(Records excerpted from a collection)
————
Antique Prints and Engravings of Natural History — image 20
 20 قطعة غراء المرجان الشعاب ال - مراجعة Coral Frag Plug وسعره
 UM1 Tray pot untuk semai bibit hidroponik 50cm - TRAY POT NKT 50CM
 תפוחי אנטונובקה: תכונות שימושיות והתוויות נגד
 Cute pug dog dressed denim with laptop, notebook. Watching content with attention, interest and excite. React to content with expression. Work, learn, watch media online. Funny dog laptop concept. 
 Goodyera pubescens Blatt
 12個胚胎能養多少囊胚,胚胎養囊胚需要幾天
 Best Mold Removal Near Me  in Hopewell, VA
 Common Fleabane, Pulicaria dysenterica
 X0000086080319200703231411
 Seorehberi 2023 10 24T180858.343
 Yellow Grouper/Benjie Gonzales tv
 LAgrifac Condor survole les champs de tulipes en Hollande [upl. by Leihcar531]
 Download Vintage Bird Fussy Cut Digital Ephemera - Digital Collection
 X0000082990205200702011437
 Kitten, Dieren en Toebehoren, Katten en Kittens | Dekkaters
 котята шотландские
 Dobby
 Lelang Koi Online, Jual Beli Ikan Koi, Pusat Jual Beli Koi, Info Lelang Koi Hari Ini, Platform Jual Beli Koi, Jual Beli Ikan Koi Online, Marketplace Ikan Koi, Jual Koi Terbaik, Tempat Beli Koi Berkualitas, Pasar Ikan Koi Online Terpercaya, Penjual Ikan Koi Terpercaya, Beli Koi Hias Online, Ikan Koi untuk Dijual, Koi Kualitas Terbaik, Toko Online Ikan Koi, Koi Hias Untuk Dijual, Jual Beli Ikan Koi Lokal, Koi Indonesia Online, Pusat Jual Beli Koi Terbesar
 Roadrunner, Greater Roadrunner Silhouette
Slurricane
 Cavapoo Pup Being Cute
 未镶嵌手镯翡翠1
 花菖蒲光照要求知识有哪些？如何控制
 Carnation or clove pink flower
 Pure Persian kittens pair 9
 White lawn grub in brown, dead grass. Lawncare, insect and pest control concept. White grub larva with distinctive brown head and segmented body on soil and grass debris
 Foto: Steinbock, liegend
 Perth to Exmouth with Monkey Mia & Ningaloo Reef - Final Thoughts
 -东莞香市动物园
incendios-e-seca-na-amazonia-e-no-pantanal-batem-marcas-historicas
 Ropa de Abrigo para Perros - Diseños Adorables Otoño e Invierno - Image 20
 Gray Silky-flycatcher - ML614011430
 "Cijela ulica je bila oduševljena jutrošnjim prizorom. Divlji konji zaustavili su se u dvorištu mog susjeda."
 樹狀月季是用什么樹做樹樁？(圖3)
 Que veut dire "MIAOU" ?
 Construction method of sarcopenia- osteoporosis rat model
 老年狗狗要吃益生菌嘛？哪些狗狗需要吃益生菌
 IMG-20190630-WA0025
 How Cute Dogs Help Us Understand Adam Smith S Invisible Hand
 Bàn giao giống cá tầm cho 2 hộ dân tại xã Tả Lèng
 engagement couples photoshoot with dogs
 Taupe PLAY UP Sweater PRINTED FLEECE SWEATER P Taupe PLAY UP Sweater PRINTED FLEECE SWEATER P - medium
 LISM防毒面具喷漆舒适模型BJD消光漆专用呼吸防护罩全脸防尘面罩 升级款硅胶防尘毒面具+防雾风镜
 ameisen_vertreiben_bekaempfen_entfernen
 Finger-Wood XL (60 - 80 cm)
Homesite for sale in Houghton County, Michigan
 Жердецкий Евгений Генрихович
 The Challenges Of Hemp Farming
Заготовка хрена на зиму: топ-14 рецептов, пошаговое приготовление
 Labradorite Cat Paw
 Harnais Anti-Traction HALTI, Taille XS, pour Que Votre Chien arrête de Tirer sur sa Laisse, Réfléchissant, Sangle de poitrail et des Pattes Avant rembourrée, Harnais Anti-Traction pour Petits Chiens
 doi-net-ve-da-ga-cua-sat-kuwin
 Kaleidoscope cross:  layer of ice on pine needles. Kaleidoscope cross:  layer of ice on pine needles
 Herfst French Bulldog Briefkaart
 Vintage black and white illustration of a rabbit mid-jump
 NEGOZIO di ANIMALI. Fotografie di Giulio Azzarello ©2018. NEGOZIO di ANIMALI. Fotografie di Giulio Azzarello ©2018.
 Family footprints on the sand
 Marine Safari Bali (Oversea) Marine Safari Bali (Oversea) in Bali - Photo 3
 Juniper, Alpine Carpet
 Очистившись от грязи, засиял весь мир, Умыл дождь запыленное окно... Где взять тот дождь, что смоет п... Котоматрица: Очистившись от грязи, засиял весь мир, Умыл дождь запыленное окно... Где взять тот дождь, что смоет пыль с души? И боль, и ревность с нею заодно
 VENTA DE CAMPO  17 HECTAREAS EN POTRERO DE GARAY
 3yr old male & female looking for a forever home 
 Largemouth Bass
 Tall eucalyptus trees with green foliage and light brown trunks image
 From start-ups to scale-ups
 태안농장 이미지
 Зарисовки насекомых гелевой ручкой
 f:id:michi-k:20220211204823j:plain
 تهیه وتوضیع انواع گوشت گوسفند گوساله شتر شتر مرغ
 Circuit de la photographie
————
*Task description*.
Write every record out again exactly.

*Answer section*.
Antique Prints and Engravings of Natural History — image 20
 20 قطعة غراء المرجان الشعاب ال - مراجعة Coral Frag Plug وسعره
 UM1 Tray pot untuk semai bibit hidroponik 50cm - TRAY POT NKT 50CM
 תפוחי אנטונובקה: תכונות שימושיות והתוויות נגד
 Cute pug dog dressed denim with laptop, notebook. Watching content with attention, interest and excite. React to content with expression. Work, learn, watch media online. Funny dog laptop concept. 
 Goodyera pubescens Blatt
 12個胚胎能養多少囊胚,胚胎養囊胚需要幾天
 Best Mold Removal Near Me  in Hopewell, VA
 Common Fleabane, Pulicaria dysenterica
 X0000086080319200703231411
 Seorehberi 2023 10 24T180858.343
 Yellow Grouper/Benjie Gonzales tv
 LAgrifac Condor survole les champs de tulipes en Hollande [upl. by Leihcar531]
 Download Vintage Bird Fussy Cut Digital Ephemera - Digital Collection
 X0000082990205200702011437
 Kitten, Dieren en Toebehoren, Katten en Kittens | Dekkaters
 котята шотландские
 Dobby
 Lelang Koi Online, Jual Beli Ikan Koi, Pusat Jual Beli Koi, Info Lelang Koi Hari Ini, Platform Jual Beli Koi, Jual Beli Ikan Koi Online, Marketplace Ikan Koi, Jual Koi Terbaik, Tempat Beli Koi Berkualitas, Pasar Ikan Koi Online Terpercaya, Penjual Ikan Koi Terpercaya, Beli Koi Hias Online, Ikan Koi untuk Dijual, Koi Kualitas Terbaik, Toko Online Ikan Koi, Koi Hias Untuk Dijual, Jual Beli Ikan Koi Lokal, Koi Indonesia Online, Pusat Jual Beli Koi Terbesar
 Roadrunner, Greater Roadrunner Silhouette
Slurricane
 Cavapoo Pup Being Cute
 未镶嵌手镯翡翠1
 花菖蒲光照要求知识有哪些？如何控制
 Carnation or clove pink flower
 Pure Persian kittens pair 9
 White lawn grub in brown, dead grass. Lawncare, insect and pest control concept. White grub larva with distinctive brown head and segmented body on soil and grass debris
 Foto: Steinbock, liegend
 Perth to Exmouth with Monkey Mia & Ningaloo Reef - Final Thoughts
 -东莞香市动物园
incendios-e-seca-na-amazonia-e-no-pantanal-batem-marcas-historicas
 Ropa de Abrigo para Perros - Diseños Adorables Otoño e Invierno - Image 20
 Gray Silky-flycatcher - ML614011430
 "Cijela ulica je bila oduševljena jutrošnjim prizorom. Divlji konji zaustavili su se u dvorištu mog susjeda."
 樹狀月季是用什么樹做樹樁？(圖3)
 Que veut dire "MIAOU" ?
 Construction method of sarcopenia- osteoporosis rat model
 老年狗狗要吃益生菌嘛？哪些狗狗需要吃益生菌
 IMG-20190630-WA0025
 How Cute Dogs Help Us Understand Adam Smith S Invisible Hand
 Bàn giao giống cá tầm cho 2 hộ dân tại xã Tả Lèng
 engagement couples photoshoot with dogs
 Taupe PLAY UP Sweater PRINTED FLEECE SWEATER P Taupe PLAY UP Sweater PRINTED FLEECE SWEATER P - medium
 LISM防毒面具喷漆舒适模型BJD消光漆专用呼吸防护罩全脸防尘面罩 升级款硅胶防尘毒面具+防雾风镜
 ameisen_vertreiben_bekaempfen_entfernen
 Finger-Wood XL (60 - 80 cm)
Homesite for sale in Houghton County, Michigan
 Жердецкий Евгений Генрихович
 The Challenges Of Hemp Farming
Заготовка хрена на зиму: топ-14 рецептов, пошаговое приготовление
 Labradorite Cat Paw
 Harnais Anti-Traction HALTI, Taille XS, pour Que Votre Chien arrête de Tirer sur sa Laisse, Réfléchissant, Sangle de poitrail et des Pattes Avant rembourrée, Harnais Anti-Traction pour Petits Chiens
 doi-net-ve-da-ga-cua-sat-kuwin
 Kaleidoscope cross:  layer of ice on pine needles. Kaleidoscope cross:  layer of ice on pine needles
 Herfst French Bulldog Briefkaart
 Vintage black and white illustration of a rabbit mid-jump
 NEGOZIO di ANIMALI. Fotografie di Giulio Azzarello ©2018. NEGOZIO di ANIMALI. Fotografie di Giulio Azzarello ©2018.
 Family footprints on the sand
 Marine Safari Bali (Oversea) Marine Safari Bali (Oversea) in Bali - Photo 3
 Juniper, Alpine Carpet
 Очистившись от грязи, засиял весь мир, Умыл дождь запыленное окно... Где взять тот дождь, что смоет п... Котоматрица: Очистившись от грязи, засиял весь мир, Умыл дождь запыленное окно... Где взять тот дождь, что смоет пыль с души? И боль, и ревность с нею заодно
 VENTA DE CAMPO  17 HECTAREAS EN POTRERO DE GARAY
 3yr old male & female looking for a forever home 
 Largemouth Bass
 Tall eucalyptus trees with green foliage and light brown trunks image
 From start-ups to scale-ups
 태안농장 이미지
 Зарисовки насекомых гелевой ручкой
 f:id:michi-k:20220211204823j:plain
 تهیه وتوضیع انواع گوشت گوسفند گوساله شتر شتر مرغ
 Circuit de la photographie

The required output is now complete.